Civil Forfeiture Is Inherently Abusive

Statement Responding to DOJ’s Announced Policy Change Increasing Use of Civil Forfeiture

Today, Attorney General Jeff Sessions announced that the Department of Justice would repeal reforms intended to curb federal law enforcement agencies’ use of civil forfeiture. In response, Institute for Justice Senior Attorney and Director of its Nationwide Initiative to End Forfeiture Darpana Sheth issued the following statement:

Civil forfeiture is inherently abusive. No one should lose his or her property without being first convicted of a crime, let alone charged with one. The only safeguard to protect Americans from civil forfeiture is to eliminate its use altogether. The Department of Justice’s supposed safeguards amount to little more than window dressing of an otherwise outrageous abuse of power.

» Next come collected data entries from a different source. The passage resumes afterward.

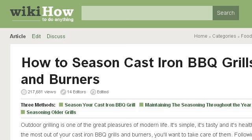You can also try www.wikihow.com, especially the page '3 ways to season cast iron barbecue grills and burners.' Here's the link.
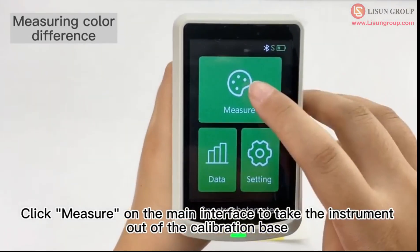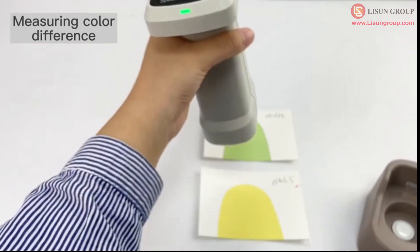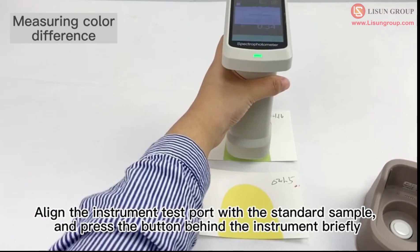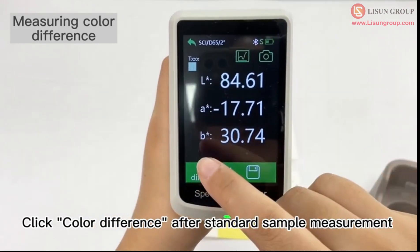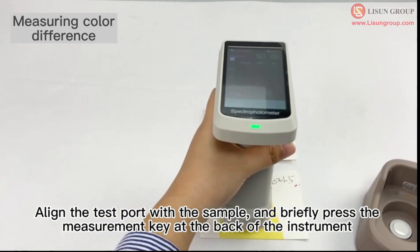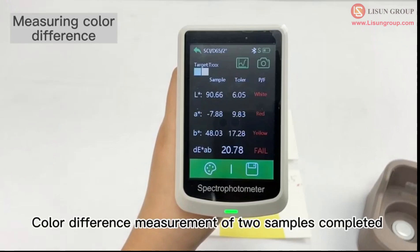Click measure on the main interface to take the instrument out of the calibration base. Align the instrument test port with the standard sample and press the button behind the instrument briefly. Click color difference after standard sample measurement. Align the test port with the sample and briefly press the measurement key at the back of the instrument. Color difference measurement of two samples is completed.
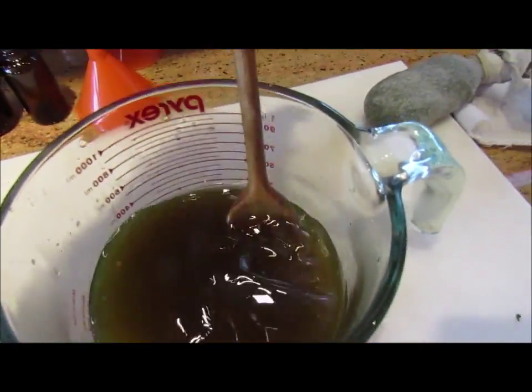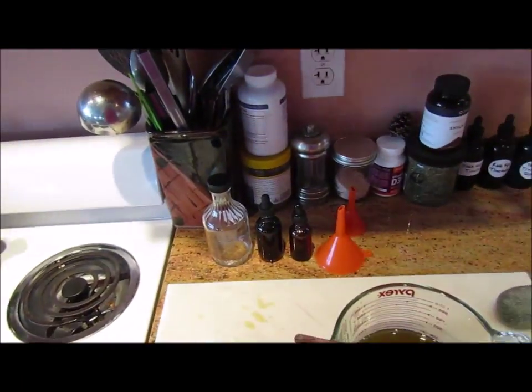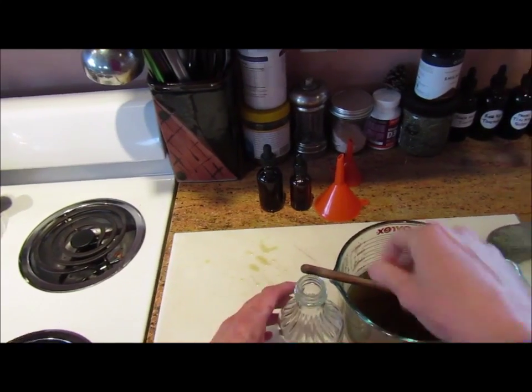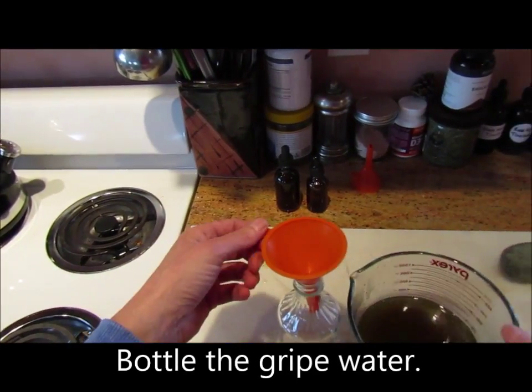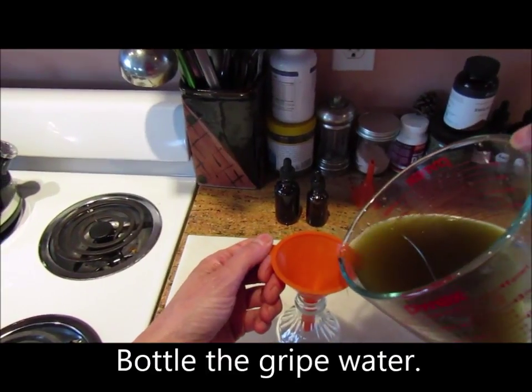Durme, durme, hermoso y llico. Durme, durme con sabor. Serratus, luciós e llicos. Durme con sabor.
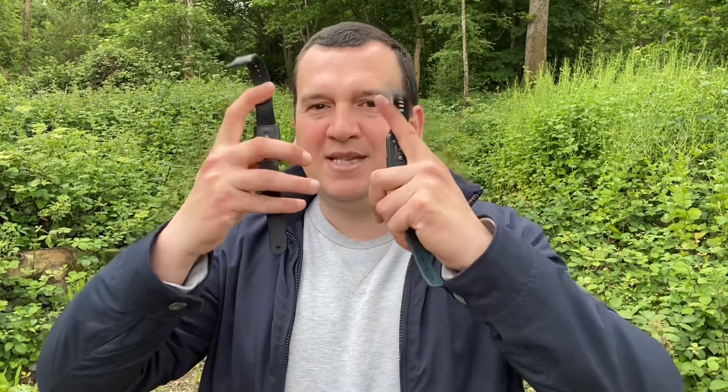For the heart rate accuracy test, the benchmark is a Polar H10 ECG chest strap, which I wore on my chest throughout the entire workout. That is the most accurate measure of heart rate, and we'll see how the optical heart rate sensors on the back of these two smart bands compare.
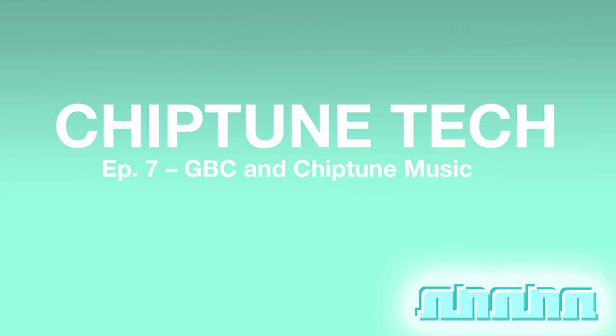The GBC will handle whatever you throw at it in LSDJ. In episode six of Chiptune Tech, I talked about how the DMG-01's CPU had trouble keeping up with high BPM songs and accurately playing back noise instruments with multiple shape commands in rapid succession. The GBC's secret weapon is its CPU. In order to help the GBC process all those colors and sprites at the same time on the screen, it had two separate operating modes.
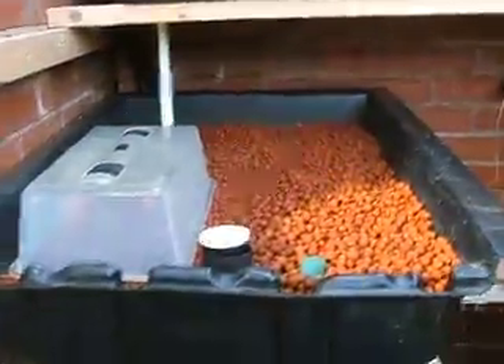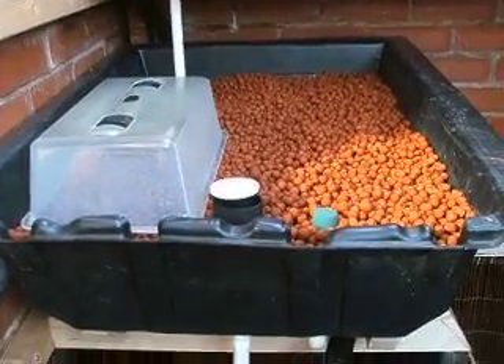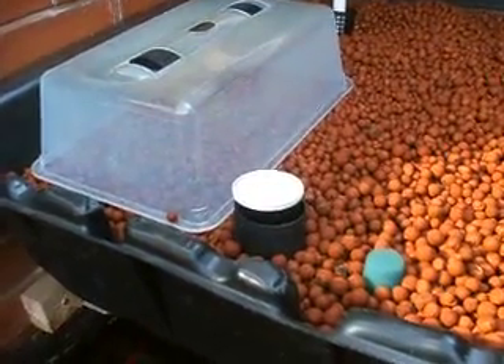The second of our two tanks on this system is in. Also working on the auto siphon, the bell siphon.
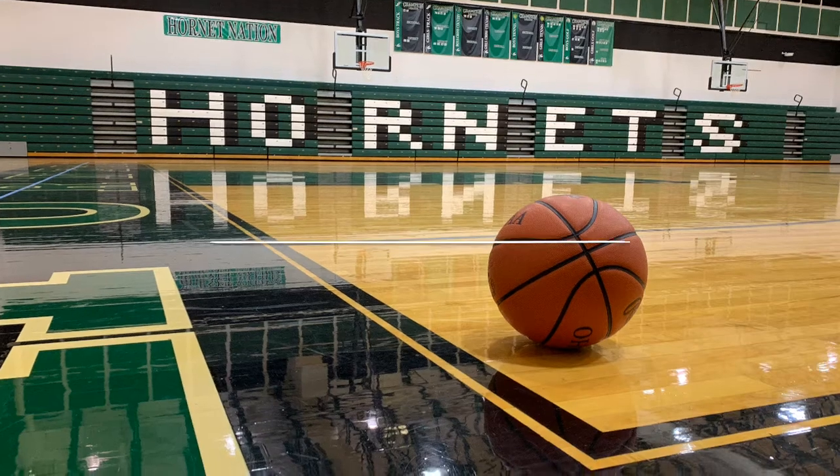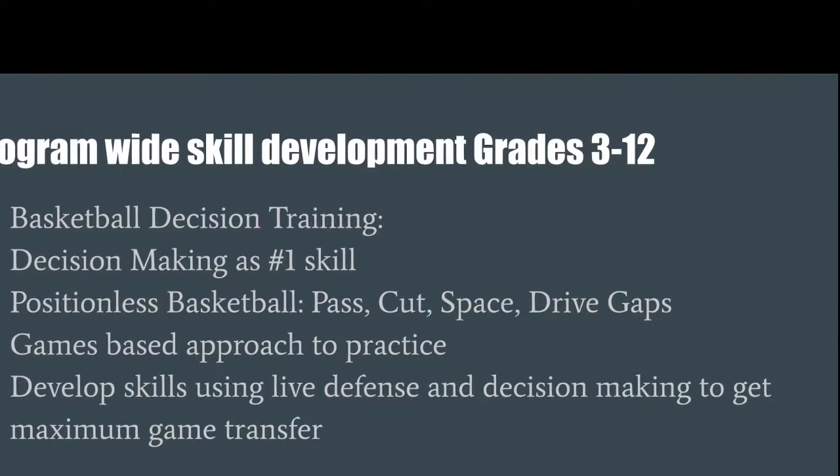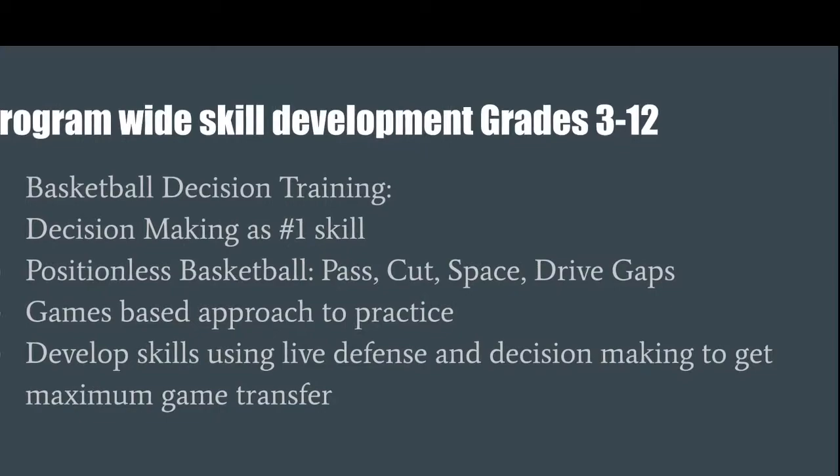This is our Skills Academy for 2019. We've got grades 3 through 7 and we really wanted to focus on the decision-making aspect. Of course we got the regular skills — ball handling, passing, shooting — but we want to do everything very game-like and wanted to get those skills applied to game situations as quick as possible.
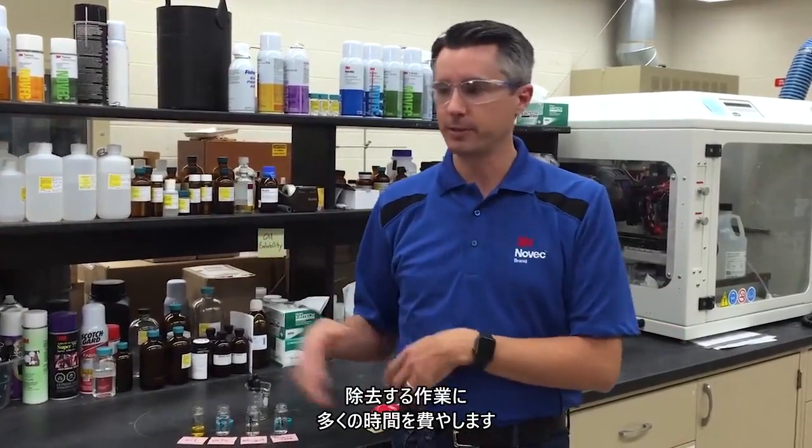When we get involved with cleaning evaluations, a lot of times we're trying to remove a cutting oil or a machining oil that's hydrocarbon based, oil based, from a metal part.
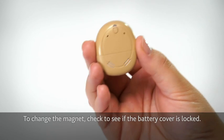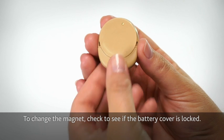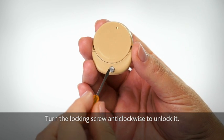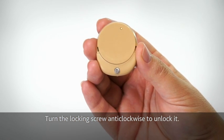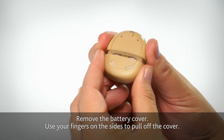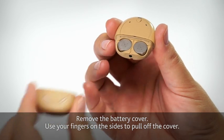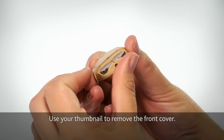To change the magnet, check to see if the battery cover is locked. Turn the locking screw anti-clockwise to unlock it. Remove the battery cover, using your fingers on the sides to pull off the cover. Use your thumbnail to remove the front cover.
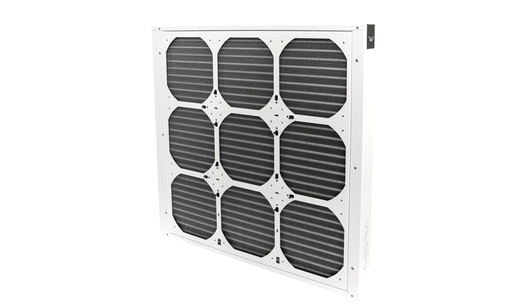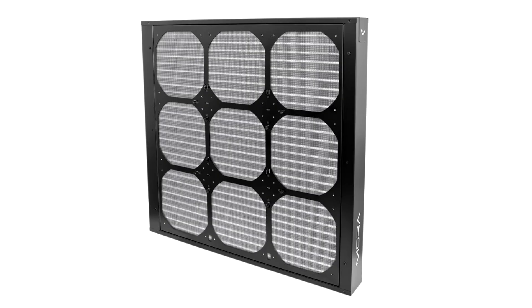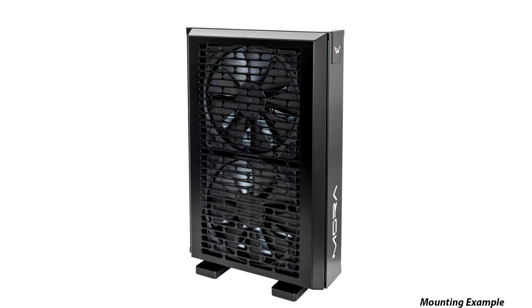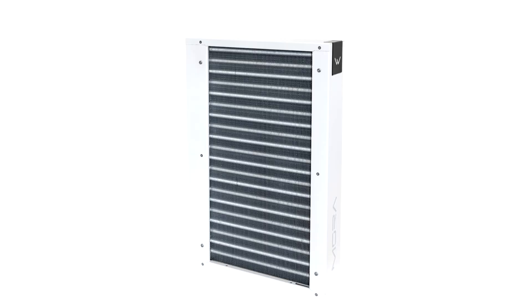The radiators are available in both black and white editions for every size and are currently up for pre-order. The 200 edition measures 300 by 452 by 75 mm, weighs 6 kg, and supports up to 2×120 mm fans. The 400 measures 500 mm in length with the rest of the dimensions identical to the 200, but weighs 8.7 kg and supports up to 4×140 mm fans. Watercool also offers a discrete fan frame to accommodate up to 9×140 mm fans on the 400 radiator.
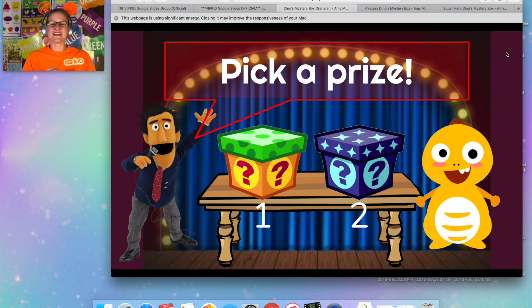For the princess one, I did 'pick a princess' or 'find a princess,' and they either get the princess or they get the villain — which is the same concept I'm trying to put together for the superheroes. It's just not quite done yet, so enjoy this one.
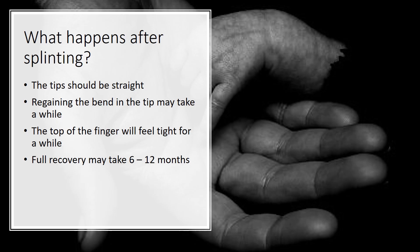After splinting, the tip should be straight. Regaining the bend in the tip may take a while. The top of the finger may feel tight for a while because there will be some scarring and stiffness in the tendons. Full recovery often takes 6 to 12 months until that tightness resolves.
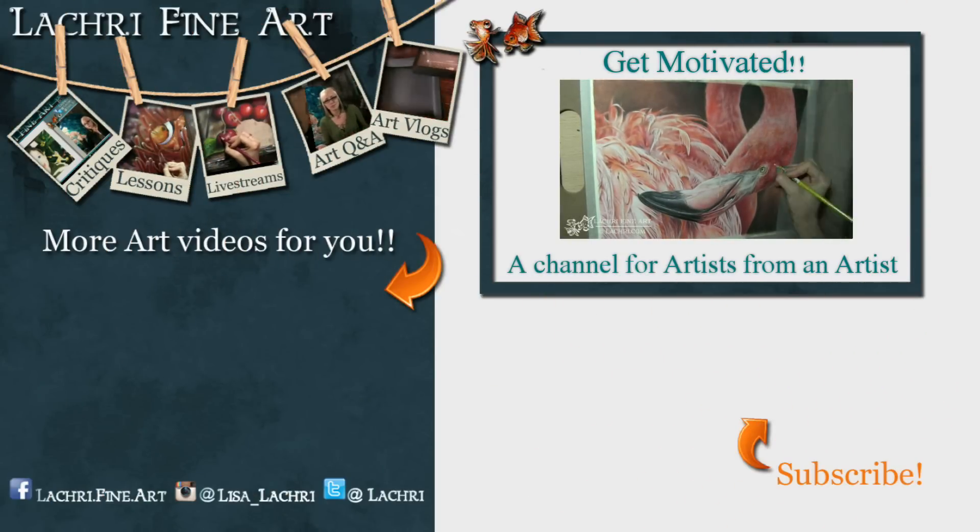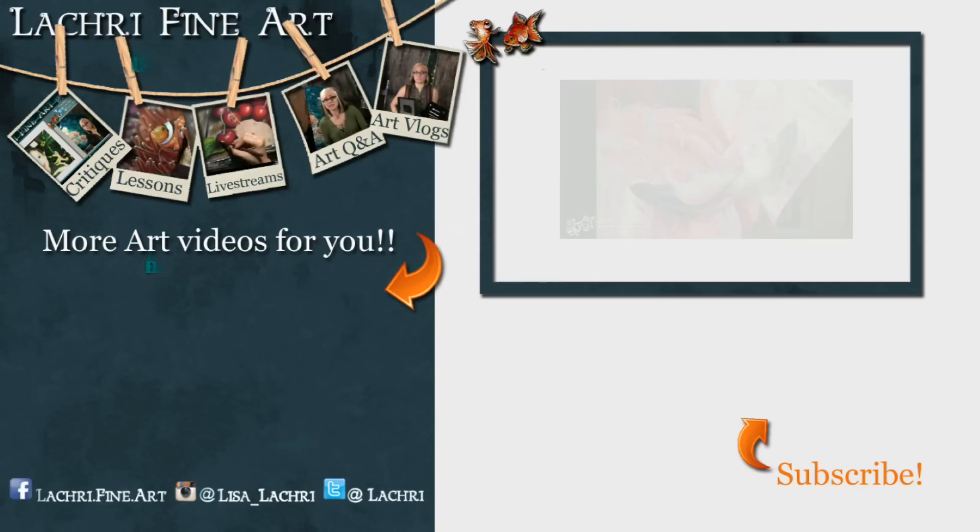A little bit more detail here. I did go back when it was finished with some magenta and a very bright orange to hype up a little bit of the contrast and some of the shadows and the feathers on the body. But that is not caught on video.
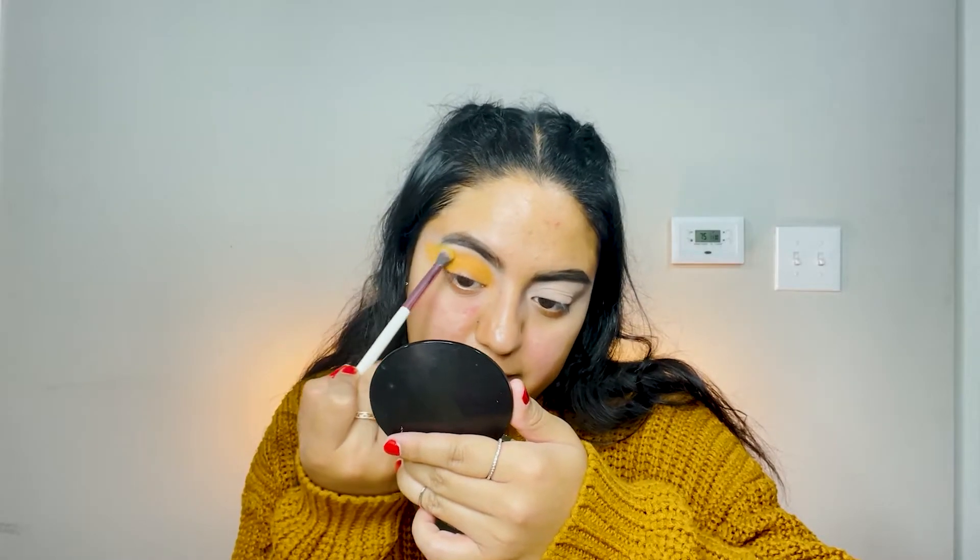Once you have that orange, take another clean brush and go in with the yellow from the same James Charles palette. Blend it in right on top of that orange and kind of blend them together.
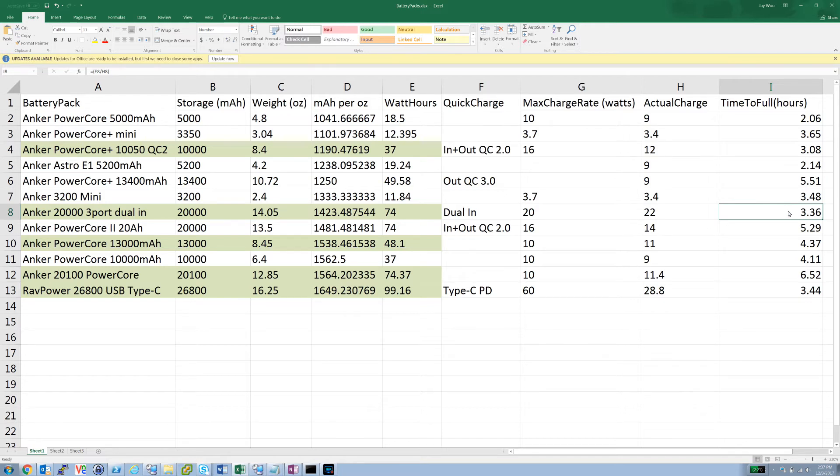Milliamp-hours per ounce is useful for optimizing what you carry, though total storage is most important relative to your needs. If you stop in towns frequently and stay overnight, a smaller pack might do, but for just 1.2 ounces more you can carry something heavier that dramatically reduces time spent charging in town. Also, a dual-input pack requires a wall charger with at least two ports out, adding more weight, and USB-C adds a bit more as well.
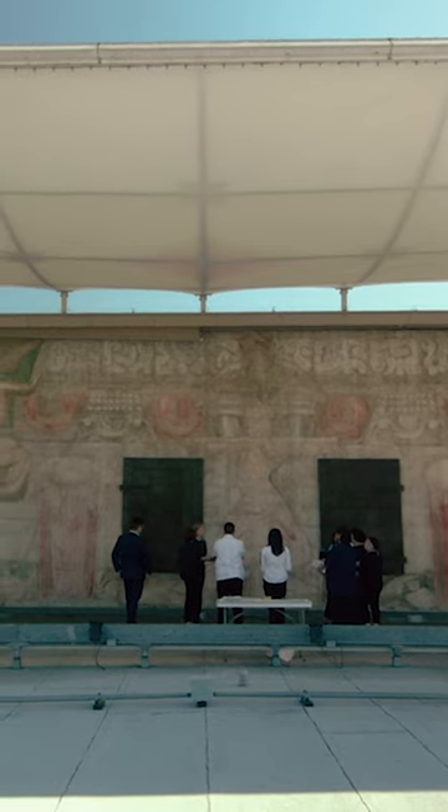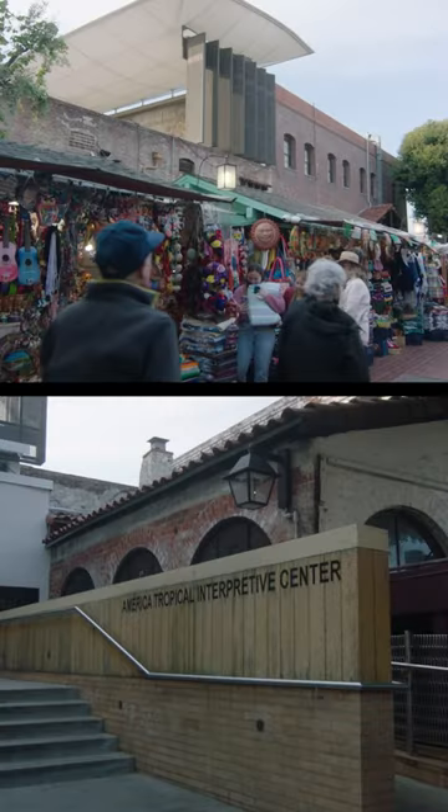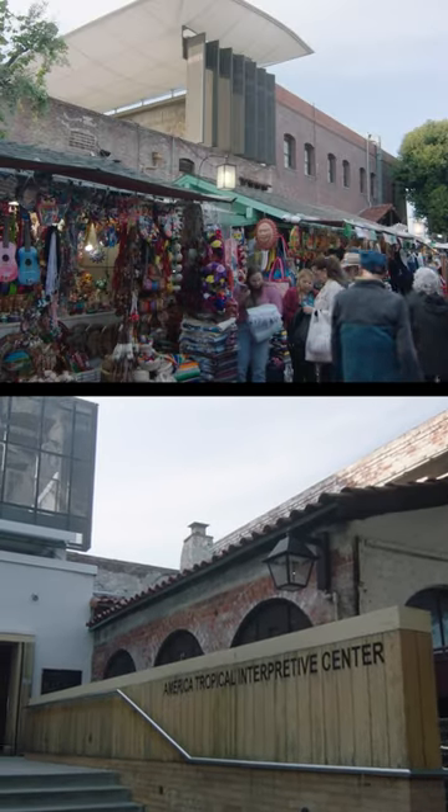Decades later, the Getty Conservation Institute and the City of LA joined forces to preserve and protect the mural rather than repaint it. You can view América Tropical from an outdoor platform and get a glimpse of the mural's journey at a nearby museum.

We have consistently warned that the modest reforms put in place in 2015 could be rolled back with the stroke of a pen—and that is precisely what Attorney General Sessions has done today. The DOJ’s directive, announced to a room full of law enforcement officials who stand to reap the profits of this new policy, shows the fundamental absurdity of a system of justice which prioritizes funding law enforcement over protecting constitutional rights or fighting crime.

As the Justice Department’s Inspector General recently reported, the Department does not collect data to measure how often seizures and forfeitures advance criminal investigations. And the inspector general’s review of 100 cash seizures conducted by the Drug Enforcement Administration found that the agency could verify that fewer than half advanced or were related to an ongoing investigation.

The Justice Department’s new forfeiture directive restores the ability of state and local law enforcement to reap 80 percent of forfeiture proceeds by using federal forfeiture laws to circumvent protections put in place by state legislatures.

The supposed “safeguards” implemented by this policy directive offer little or no substantive protection to property owners as they depend primarily on self-policing rather than judicial oversight. Most amount to nothing more than a pledge to be more careful. For example, under this new policy, the Justice Department will continue to seek forfeiture of homes where the owner is not implicated in illegal activity, with the only “safeguard” being that the Department officials should proceed with particular caution. That offers no actual protection for innocent homeowners.

Moreover, despite well-documented abusive seizures of more than $10,000 in cash, the directive only requires additional safeguards for adoptions of $10,000 or less, which can be circumvented with a simple thumbs up from a federal prosecutor. Only one of the four alternative “safeguards” for seizures of $10,000 or less involves any judicial involvement (seizures pursuant to a state warrant), but judicial oversight of warrants is limited and often perfunctory, because warrants are issued based on statements from law-enforcement officers and do not afford property owners any opportunity to contest the validity of the warrant.

The DOJ stands alone in dismissing the need for real reform of federal forfeiture laws.

  • 84 percent of Americans support reform;
  • 235 editorials have criticized civil forfeiture;
  • 24 states have substantially reformed their own forfeiture laws in the last three years;
  • Both the Republican and Democratic Party platforms condemn civil forfeiture and call for reform.